Friday, February 12, 2010

Wal-Mart Isn't An Eschatology, Either

As the old folks say back home, I'm "outta heart" with Doug Wilson. First of all, I can't remember my username for his blog, and since he changed the furniture around on there, I can't figure out how to get it to send me a reminder. Second, he posted something on there that I desperately want to respond to, but, like I said, I can't remember my username.

In this post of his, he starts out talking about the Pretenders song in which Chrissy Hynde asks what happened to the Ohio she used to know, since now instead of rivers and trees, it's a shopping mall. Then he goes into how folks who get fixated on the good old days are experiencing a type of arrested development and refusing to move ahead with the general eschatological momentum. He sums all of this up by saying that "Nostalgia is not an eschatology".

Well, let me begin by confessing that I decide what I am going to think largely by checking Doug's blog to see what he thinks. I am a product of American public education. As a result, I am mostly untrained in the art of thinking for myself, and my ideas are largely derivative. Whatever, it's one of the things us average folks just accept at some point. Nevertheless, I'm going to go out on a dialectical limb and disagree with the guru on this one.

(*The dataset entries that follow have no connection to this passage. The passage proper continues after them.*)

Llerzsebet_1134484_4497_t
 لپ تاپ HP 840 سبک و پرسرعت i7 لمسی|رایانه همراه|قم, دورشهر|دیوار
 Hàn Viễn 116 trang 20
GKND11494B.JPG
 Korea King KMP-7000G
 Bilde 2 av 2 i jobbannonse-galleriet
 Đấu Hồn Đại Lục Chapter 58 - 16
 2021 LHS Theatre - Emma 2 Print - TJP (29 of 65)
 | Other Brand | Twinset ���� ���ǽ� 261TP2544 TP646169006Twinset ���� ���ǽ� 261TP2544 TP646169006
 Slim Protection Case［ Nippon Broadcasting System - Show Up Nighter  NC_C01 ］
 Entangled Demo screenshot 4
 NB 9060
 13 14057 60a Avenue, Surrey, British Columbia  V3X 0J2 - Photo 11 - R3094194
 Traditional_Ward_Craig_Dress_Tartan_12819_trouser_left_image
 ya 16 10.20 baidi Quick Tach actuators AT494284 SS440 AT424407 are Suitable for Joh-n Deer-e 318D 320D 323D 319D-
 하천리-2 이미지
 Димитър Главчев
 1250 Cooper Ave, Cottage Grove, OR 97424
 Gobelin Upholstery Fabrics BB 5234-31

Now on one hand I can of course appreciate what he's saying. The past is filled with many heroic epochs infinitely more valuable the 1950's but nevertheless infintely less valuable than whatever it is we will experience when God's will is done on Earth as it is in Heaven. From this perspective, for me to lament the archetypally fecund first half of the 2oth century is a bit retrograde. If eschatological man is going to be infinitely greater than Charlemagne, it goes without saying that he will surpass Barney Fife.

But on the other hand, the sentimental thing we refer to as nostalgia is not the only thing folks experience when they meditate on, or value, or even long for, the past. C.S. Lewis touches on this in The Weight of Glory. Wordsworth was wrong to consider his childhood the actual source of the loftiness and transcendence he perceived in the world, but he was not wrong to mine his childhood for the intimations of glory that his childhood actually did contain. The past is as much God's work as the future is. The acorn exists for the sake of the oak, but an acorn is not contemptible because it is not an oak.

Speaking of Lewis, I think he might agree with me that what we call decadent nations are those which more nearly attained their own measure of glory in the past than they are doing at present. I am thinking of something like what Lewis calls Logres in That Hideous Strength: that true angel of the British Isles that has always existed along with that other development we call merely England. If anything like this is possible, then looking back is sometimes really a type of looking forward, a way of hoping that what is and always has been best and most glorious about a nation will finally prevail.

Lastly, there's the whole thing too where what we call progress really ain't. That's what I mean when I say that Wal-Mart isn't an eschatology, either. Nostalgia or no, I would have preferred the indigenous live oaks and cypresses around Orlando to all the plastic trees in Disneyworld.